Source material section start
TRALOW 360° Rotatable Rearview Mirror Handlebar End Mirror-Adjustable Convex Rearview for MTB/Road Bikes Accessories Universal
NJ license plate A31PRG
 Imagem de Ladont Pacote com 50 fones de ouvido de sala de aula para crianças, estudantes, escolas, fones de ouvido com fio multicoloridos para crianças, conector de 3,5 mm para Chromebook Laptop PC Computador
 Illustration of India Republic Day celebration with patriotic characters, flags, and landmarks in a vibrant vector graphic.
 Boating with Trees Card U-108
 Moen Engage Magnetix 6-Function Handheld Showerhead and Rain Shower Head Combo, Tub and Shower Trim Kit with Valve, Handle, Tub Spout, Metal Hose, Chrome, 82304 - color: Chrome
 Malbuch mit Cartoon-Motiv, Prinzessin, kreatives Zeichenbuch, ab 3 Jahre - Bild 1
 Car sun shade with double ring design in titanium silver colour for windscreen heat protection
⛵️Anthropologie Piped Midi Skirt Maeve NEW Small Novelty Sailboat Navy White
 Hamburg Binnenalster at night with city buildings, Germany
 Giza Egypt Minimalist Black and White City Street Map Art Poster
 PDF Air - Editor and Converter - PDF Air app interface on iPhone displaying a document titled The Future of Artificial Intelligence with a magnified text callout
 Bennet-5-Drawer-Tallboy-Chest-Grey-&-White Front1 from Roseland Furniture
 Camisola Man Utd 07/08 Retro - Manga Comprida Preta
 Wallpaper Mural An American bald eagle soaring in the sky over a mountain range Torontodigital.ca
Source material section end
Retype, exactly as written, each line from the one containing "Giza Egypt Minimalist" through the last line of the listing above, and leave out all other lines.

Finished task:
 Giza Egypt Minimalist Black and White City Street Map Art Poster
 PDF Air - Editor and Converter - PDF Air app interface on iPhone displaying a document titled The Future of Artificial Intelligence with a magnified text callout
 Bennet-5-Drawer-Tallboy-Chest-Grey-&-White Front1 from Roseland Furniture
 Camisola Man Utd 07/08 Retro - Manga Comprida Preta
 Wallpaper Mural An American bald eagle soaring in the sky over a mountain range Torontodigital.ca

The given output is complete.